→ **TASK BRIEF**
Beginning with the first line, return the material verbatim and without pictures.

→ **RAW DATA**
■ ■ ■ ■ ■

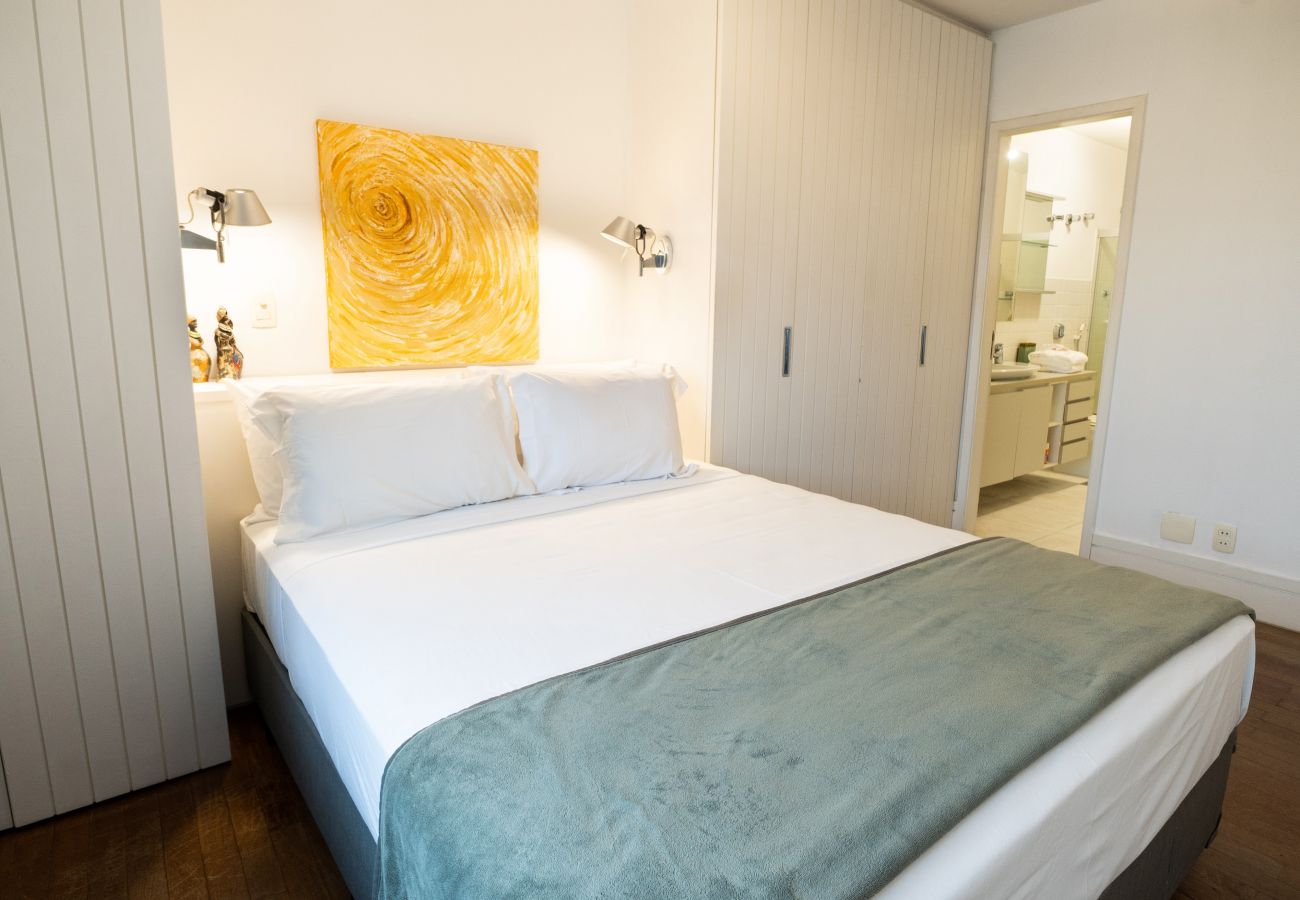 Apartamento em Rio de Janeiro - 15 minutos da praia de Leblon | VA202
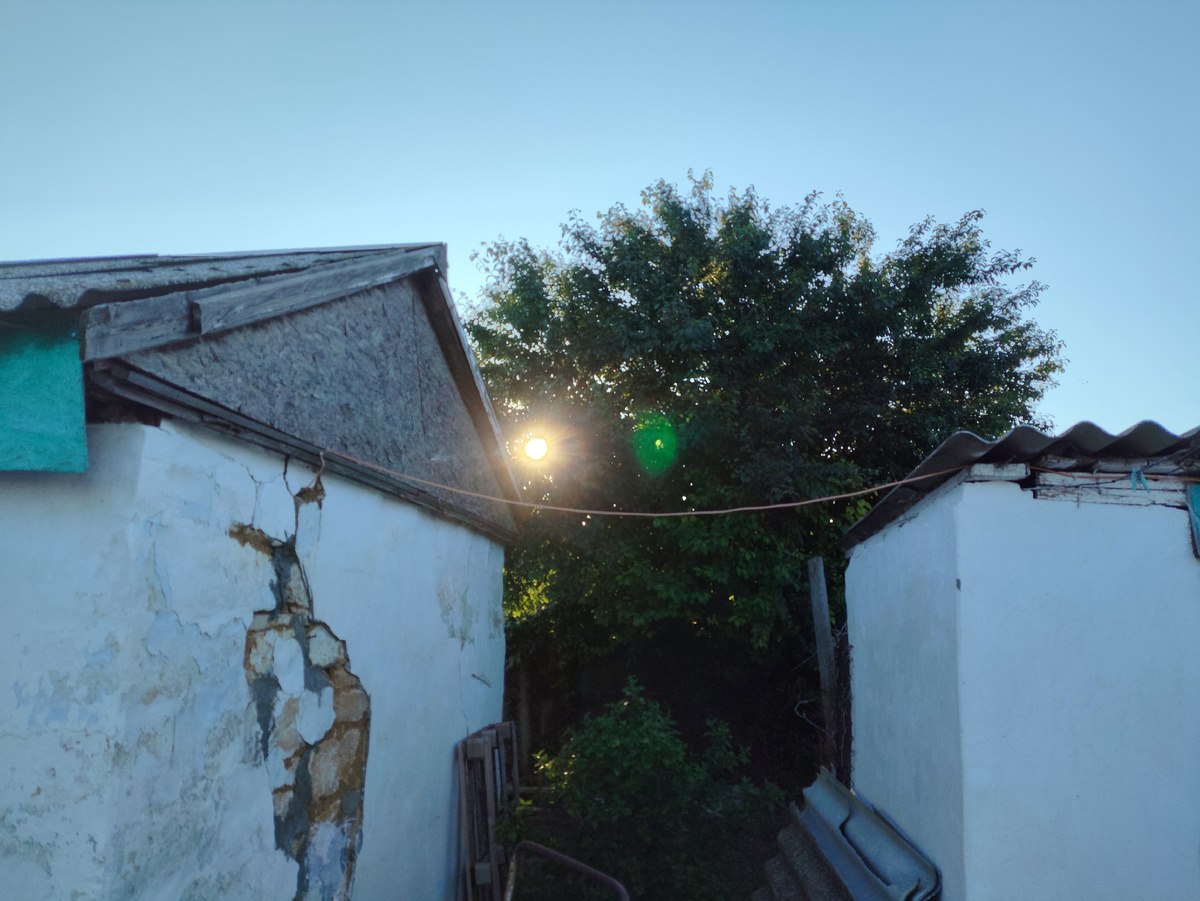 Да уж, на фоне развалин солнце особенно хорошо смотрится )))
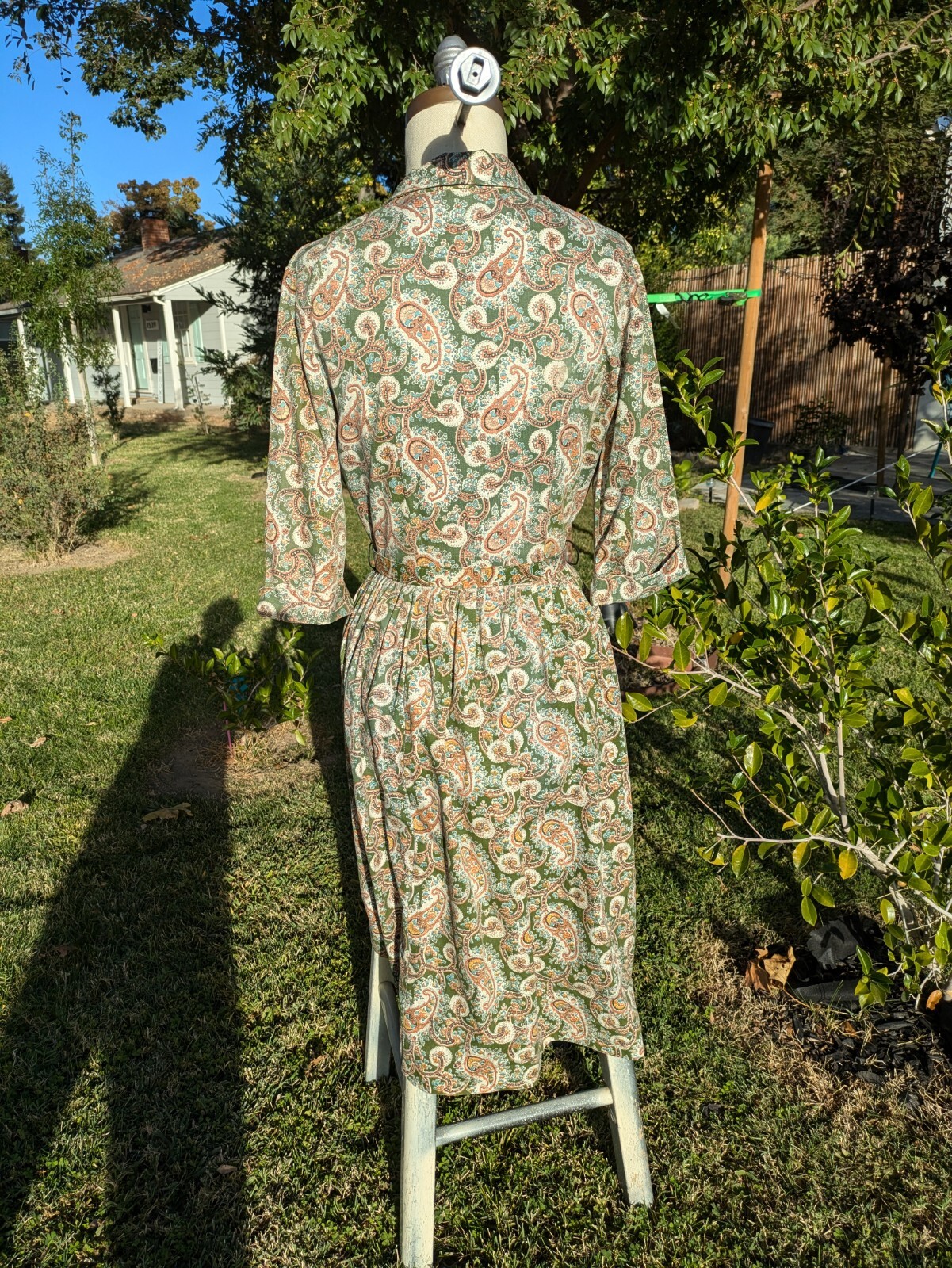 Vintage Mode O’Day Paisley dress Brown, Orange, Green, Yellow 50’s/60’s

■ ■ ■ ■ ■

→ **TASK RESPONSE**
 Apartamento em Rio de Janeiro - 15 minutos da praia de Leblon | VA202
 Да уж, на фоне развалин солнце особенно хорошо смотрится )))
 Vintage Mode O’Day Paisley dress Brown, Orange, Green, Yellow 50’s/60’s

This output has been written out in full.